**WHAT YOU ARE ASKED TO DO**.
Exactly the lines below starting at the line with "Vardha Black Woven" and ending at the line with "Lavender Spring Spa" are wanted, with both ends included. Leave out the pictures and add no other lines.

**LISTED RECORDS**.

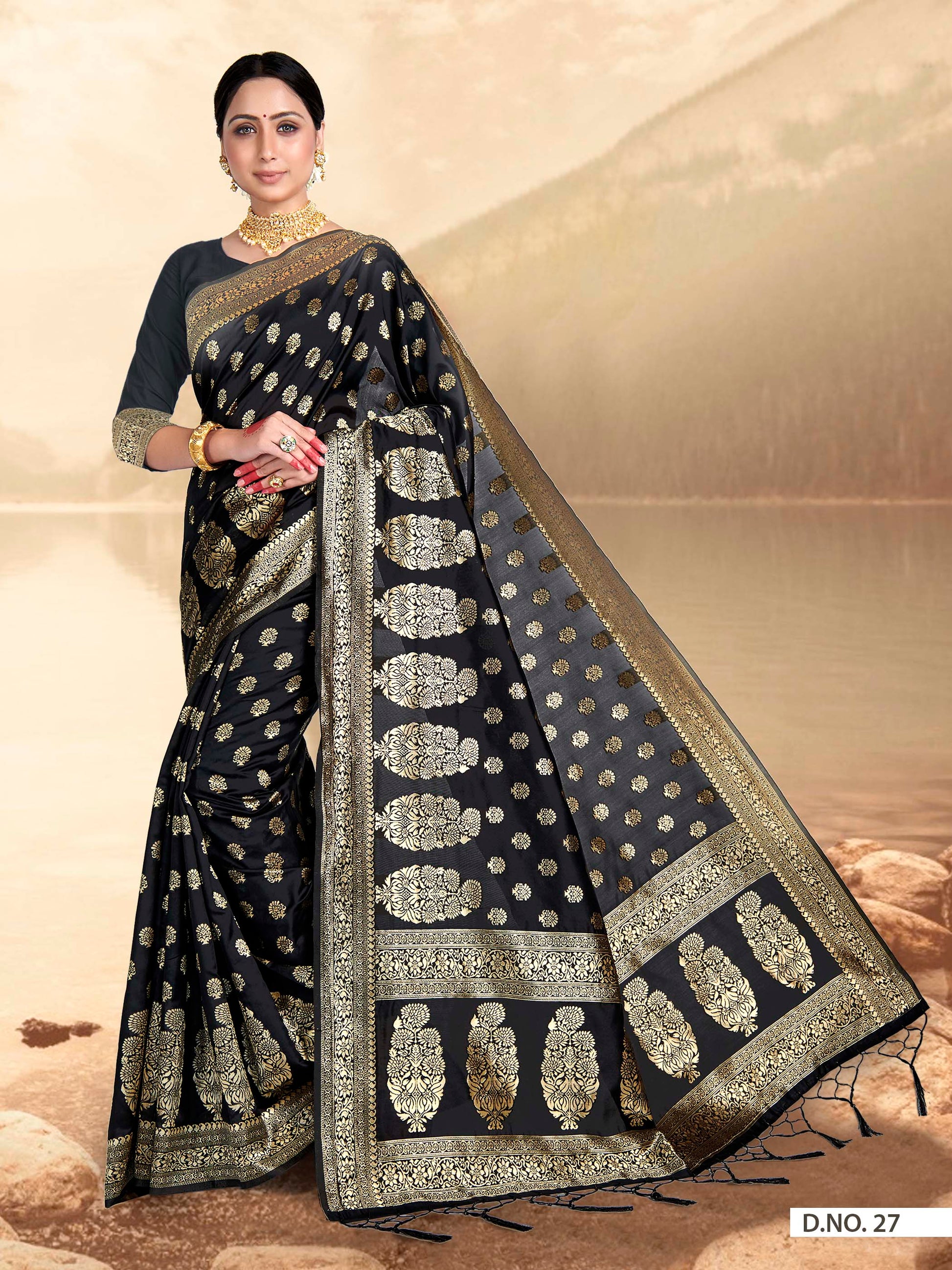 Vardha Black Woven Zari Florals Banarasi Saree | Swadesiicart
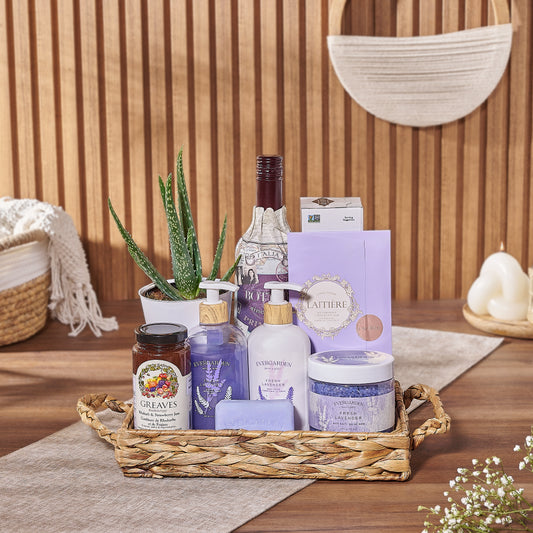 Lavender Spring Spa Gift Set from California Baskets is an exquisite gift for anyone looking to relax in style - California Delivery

...

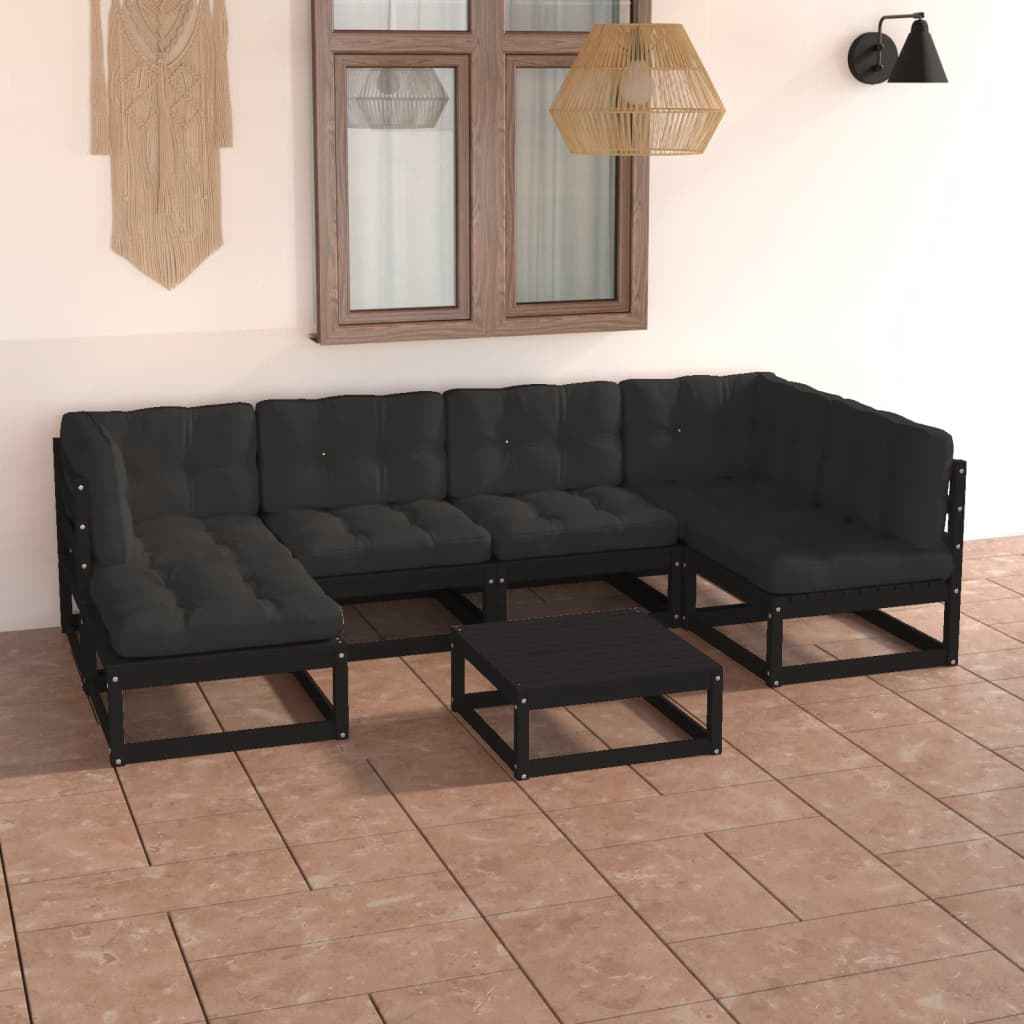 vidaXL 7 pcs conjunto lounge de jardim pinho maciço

...

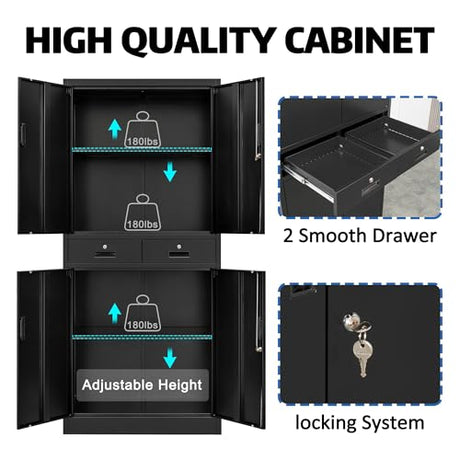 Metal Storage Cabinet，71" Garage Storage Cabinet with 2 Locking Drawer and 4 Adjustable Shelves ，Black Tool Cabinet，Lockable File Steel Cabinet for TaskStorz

**TASK OUTPUT**.
 Vardha Black Woven Zari Florals Banarasi Saree | Swadesiicart
 Lavender Spring Spa Gift Set from California Baskets is an exquisite gift for anyone looking to relax in style - California Delivery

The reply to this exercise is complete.